Under central excise, refund is allowed only in the case of exports, and for the credit accumulated due to inverted duty structure, refund is not admissible. This has led to blockage of funds.
Under GST, the benefit of inverted duty structure allows for better cash flow. In GST, businesses are allowed to claim the unutilized input tax credit accumulated due to inverted duty structure. This is a major relief to businesses, coupled with a simplified process of refund claim, and fast processing of refund – 90% of refund claim will be disbursed on provisional basis and 10 % after verification.
Input Tax Credit on transitioning to GST
On the date of transitioning to GST, the closing balance of CENVAT and Input VAT reflected in the last return (prior to GST) will be carried forward as CGST and SGST input tax credit.

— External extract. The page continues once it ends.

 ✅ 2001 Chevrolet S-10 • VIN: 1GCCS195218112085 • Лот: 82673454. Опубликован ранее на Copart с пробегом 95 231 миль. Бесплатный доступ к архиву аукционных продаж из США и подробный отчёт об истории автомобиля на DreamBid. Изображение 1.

Therefore, it is very important for businesses to account for all purchases, so that the eligible input tax credit is completely captured in the returns, and transition to GST happens without any loss of input tax credit.
In the current regime, businesses are not allowed to take credit on certain duties and taxes such as excise duty and entry tax paid. This may be due to various reasons:
- You may be currently engaged in the manufacture and sale of exempted goods or provision of exempted service. On transition to GST, these goods or services may be taxable.
- You may be an unregistered manufacturer as your aggregate clearance value is below 1.5 crores. Under GST, you may become liable to register based on a threshold limit of Rs 10 lakhs for Special Category States (Arunachal Pradesh, Assam, Jammu and Kashmir, Manipur, Meghalaya, Mizoram, Nagaland, Sikkim, Tripura, Himachal Pradesh and Uttarakhand) and Rs 20 Lakhs for the rest of India.
- You may be trader paying excise duty. This is not currently available for input credit.
The good news is that the duties and taxes paid on the closing stock held on the date of transitioning to GST will be allowed as input tax credit on meeting specific conditions laid down by the law.
This eliminates the cascading effect and double taxation, and will help SMEs in filling the additional working capital needs of the business.
Therefore, it becomes imperative for businesses to prepare themselves so that they can take the benefit of the eligible input credit under GST. Some suggestions include:
- Ensure that all purchases made against Rule 11 or tax invoice are accounted for in your books.
- Carry out a periodic review of transactions to identify any instances of missed out credit
- Ensure that debit notes/credit notes are settled in order to ascertain the correct carry forward of balance.
Working capital is the fuel for any business, and for SMEs, the impact of GST on working capital will be a great challenge while adopting the new indirect tax system. Preparedness for smoother transition to GST without any loss of input tax credit, availing of input tax credit on business overheads, and effective vendor management, will all play a key role in mitigating the risks on working capital.
This article written by Sathya Pramod, CFO, Tally Solutions was originally published in The Economic Times.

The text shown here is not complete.